その行動が、彼女の言うことが真実だと告げていることに気づかぬ程、迅は察しが悪くなかった。


ああ、なんという絶望的な状況だろう―――と、迅は心の内で嘆く。井出が鈴奈を襲撃したというのは、おそらく事実だろう。井出はこういう時嘘のつけない人間と知っているから、先程の反応が全てを物語っていると言える。

そんな井出に対して、鈴奈はすっかり火がついてしまったようで、彼を明確な敵として叩きのめすことに躊躇がないようだった。


ならばどうする。井出と協力して、鈴奈を討つか?


否、それは駄目だと、迅は表に浮上しかけた案をもみ消した。


確かに井出に比べれば鈴奈との付き合いは短いし、心情的にも井出に協力したい気持ちはある。
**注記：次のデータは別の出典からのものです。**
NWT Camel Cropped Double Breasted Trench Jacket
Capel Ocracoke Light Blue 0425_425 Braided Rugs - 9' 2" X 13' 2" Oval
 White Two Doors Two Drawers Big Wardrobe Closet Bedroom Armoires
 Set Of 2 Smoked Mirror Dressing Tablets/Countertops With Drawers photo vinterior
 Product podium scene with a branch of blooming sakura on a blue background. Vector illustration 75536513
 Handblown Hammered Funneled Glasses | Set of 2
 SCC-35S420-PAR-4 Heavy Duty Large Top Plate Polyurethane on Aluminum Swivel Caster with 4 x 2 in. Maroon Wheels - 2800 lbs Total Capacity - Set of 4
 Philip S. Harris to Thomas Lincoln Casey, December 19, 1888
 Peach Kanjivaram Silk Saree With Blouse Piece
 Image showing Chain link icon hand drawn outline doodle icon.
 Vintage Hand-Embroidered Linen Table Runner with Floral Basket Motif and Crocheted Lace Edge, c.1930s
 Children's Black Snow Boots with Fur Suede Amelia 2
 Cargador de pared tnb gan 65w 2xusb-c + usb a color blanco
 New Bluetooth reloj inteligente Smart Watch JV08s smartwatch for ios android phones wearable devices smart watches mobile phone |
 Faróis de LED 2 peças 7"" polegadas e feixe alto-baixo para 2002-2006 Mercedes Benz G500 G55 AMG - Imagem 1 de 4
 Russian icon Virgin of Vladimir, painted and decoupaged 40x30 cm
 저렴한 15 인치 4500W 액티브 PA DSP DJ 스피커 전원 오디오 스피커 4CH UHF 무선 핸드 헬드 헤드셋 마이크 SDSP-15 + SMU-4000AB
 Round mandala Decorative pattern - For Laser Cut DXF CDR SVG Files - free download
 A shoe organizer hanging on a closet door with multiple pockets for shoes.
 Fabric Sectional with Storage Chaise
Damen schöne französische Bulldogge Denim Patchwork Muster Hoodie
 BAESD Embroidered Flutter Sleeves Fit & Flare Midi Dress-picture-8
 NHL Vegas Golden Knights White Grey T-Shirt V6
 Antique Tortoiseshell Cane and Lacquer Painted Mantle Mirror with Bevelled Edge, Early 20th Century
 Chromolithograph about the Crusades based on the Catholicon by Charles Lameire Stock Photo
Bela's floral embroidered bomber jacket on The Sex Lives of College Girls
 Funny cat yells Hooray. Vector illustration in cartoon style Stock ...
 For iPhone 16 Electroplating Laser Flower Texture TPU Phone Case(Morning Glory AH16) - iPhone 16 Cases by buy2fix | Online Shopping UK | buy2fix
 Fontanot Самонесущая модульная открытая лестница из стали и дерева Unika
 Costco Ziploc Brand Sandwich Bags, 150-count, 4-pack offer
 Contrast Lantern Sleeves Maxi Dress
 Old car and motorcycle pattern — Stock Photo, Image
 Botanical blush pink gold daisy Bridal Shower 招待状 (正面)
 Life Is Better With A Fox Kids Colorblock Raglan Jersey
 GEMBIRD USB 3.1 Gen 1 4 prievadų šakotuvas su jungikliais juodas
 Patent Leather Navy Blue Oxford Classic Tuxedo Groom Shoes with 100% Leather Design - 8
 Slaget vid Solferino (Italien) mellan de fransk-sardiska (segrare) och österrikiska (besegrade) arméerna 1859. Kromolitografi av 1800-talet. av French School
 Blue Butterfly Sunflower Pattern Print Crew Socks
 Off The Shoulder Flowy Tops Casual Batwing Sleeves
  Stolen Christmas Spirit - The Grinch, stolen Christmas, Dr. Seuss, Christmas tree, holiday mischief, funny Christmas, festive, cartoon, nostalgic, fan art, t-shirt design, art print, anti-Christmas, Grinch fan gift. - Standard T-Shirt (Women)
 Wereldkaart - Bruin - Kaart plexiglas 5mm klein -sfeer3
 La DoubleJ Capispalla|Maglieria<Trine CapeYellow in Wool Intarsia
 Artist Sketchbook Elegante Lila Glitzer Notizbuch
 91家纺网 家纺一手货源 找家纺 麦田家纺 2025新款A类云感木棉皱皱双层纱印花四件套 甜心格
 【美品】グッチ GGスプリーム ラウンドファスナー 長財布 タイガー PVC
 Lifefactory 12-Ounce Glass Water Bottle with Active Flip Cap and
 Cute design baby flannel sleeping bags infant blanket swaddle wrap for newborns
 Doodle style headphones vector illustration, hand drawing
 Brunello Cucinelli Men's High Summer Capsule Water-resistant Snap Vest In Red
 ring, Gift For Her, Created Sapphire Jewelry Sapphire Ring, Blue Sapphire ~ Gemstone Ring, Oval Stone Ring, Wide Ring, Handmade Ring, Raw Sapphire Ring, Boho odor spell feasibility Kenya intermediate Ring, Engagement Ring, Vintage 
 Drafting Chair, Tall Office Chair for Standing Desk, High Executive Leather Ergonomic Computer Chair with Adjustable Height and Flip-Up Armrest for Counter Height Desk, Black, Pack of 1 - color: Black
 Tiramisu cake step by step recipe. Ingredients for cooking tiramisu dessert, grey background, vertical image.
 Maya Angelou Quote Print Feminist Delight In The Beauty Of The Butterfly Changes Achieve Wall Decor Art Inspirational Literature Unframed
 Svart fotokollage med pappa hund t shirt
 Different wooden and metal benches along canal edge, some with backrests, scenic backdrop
けれど、たとえ井出と協力したとしても、鈴奈に勝てる確率は限りなく低い。


その最たる理由は、彼女の持つアビリティ〝刹那の支配者(タイム・ルーラー)〟である。


如何に協力体制を敷こうと、その絶対的時間支配から逃れる術はこちらにはない。襲いかかったが最後、次の瞬間には目標を失った挙句、後頭部に銃口を押し付けられるのが目に見えている。


だからといって、鈴奈を説得しようと思ったところでおそらくは無駄。彼女は完全に井出のことを敵として認識していて、こちらの話など取り付く島もないようだった。

先程、迅は彼女と付き合いが短いと言った。けれど、それは鈴奈に関しても同じことなのだ。鈴奈にとっての迅は、未だ「時々助けてやっている、多少手の掛かる初心者プレイヤー」でしかないのだろうから。

そんな相手が、明らかに自分を襲ってきた相手を幇助している。この状況で、迅の言葉に彼女が素直に応じてくれる確率は限りなく低く思えた。


(……どうすればいいんだ……!?)


暗闇に閉ざされた嘗ての母校の前で、迅はマスカレイドにおいて初めての大きな判断を迫られていた。